Saturday, November 6, 2010


EARTH ~



VASHTI BUNYAN

The proclaimed godmother of Freak Folk was London born in 1945. A pal of Donovan, she once took off for the northern reaches of Scotland to join a commune, but before that she traveled to New York City and fell under the influence of early Bob Dylan (the Freewheelin' album). The traveling time in the UK was a year and a half on the road, stretching from South London to the Hebrides, in a horse and cart. Joe Boyd produced her first album Just Another Diamond Day, recorded in three evenings at the height of the sixties with some of the finest British folk musicians. Critically received, the album was never known. Having enough of that, VB disappeared into Ireland from the music scene for the next 30 years to raise three children and tend to her animals. A beautiful Earth Mother. In 2000 her first album was rereleased, followed by a second album Lookaftering in 2005. Word has it a fourth album is slowly in the works. I drew the song "Winter Is Blue" from the collection Some Things Just Stick In Your Mind, a 2-CD compilation of singles and demos cut from 1964 to 1967. The title of the collection and first song was penned by Keith Richards and Mick Jagger and recorded by VB in 1965.

















EDEN 6 ~






LITTLE ONES


I went out before the rain and scythed the roadway.

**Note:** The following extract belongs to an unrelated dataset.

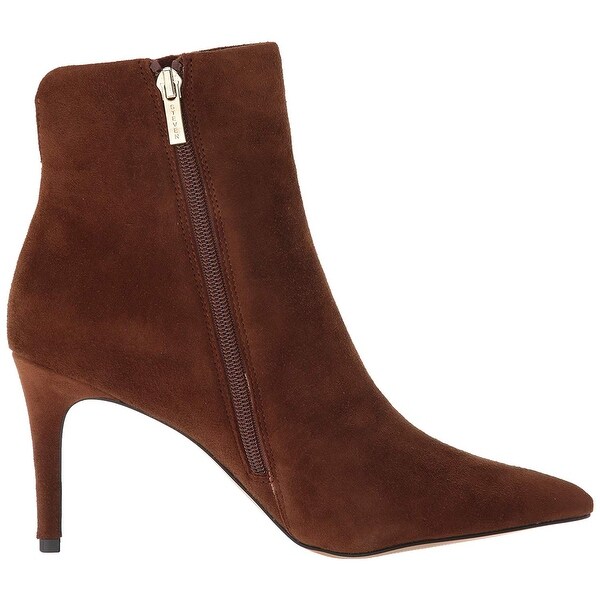 steven leila pointed toe booties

Only me out there, though Kokomo, our kitten, would certainly follow me anywhere. Yesterday I was scything and a neighbor was walking by, she limps and her elder dog wheezes. I can hear them coming from fifty feet off with my back turned on an old dirt road. She knows the pooch is going to die any time now, but I mentioned how she still wags her tail. What a heart an animal has. I’ve tried to learn my lessons from birds and animals and the great Mother more than other humans, but occasionally a human being becomes a spectacular moment. So as I am saying adieu to the neighbor and her dog heading up river for the mailbox, I turn and look down behind the stonewall and there’s my buddy Kokomo who has made his silent stay all the way to the road and by my boots where I stand...peering out with those glorious eyes. Beaming. It was his first look at a dog. I left myself and thought more about him. I know he is everything to me that I give to my one grown son. It can’t be helped.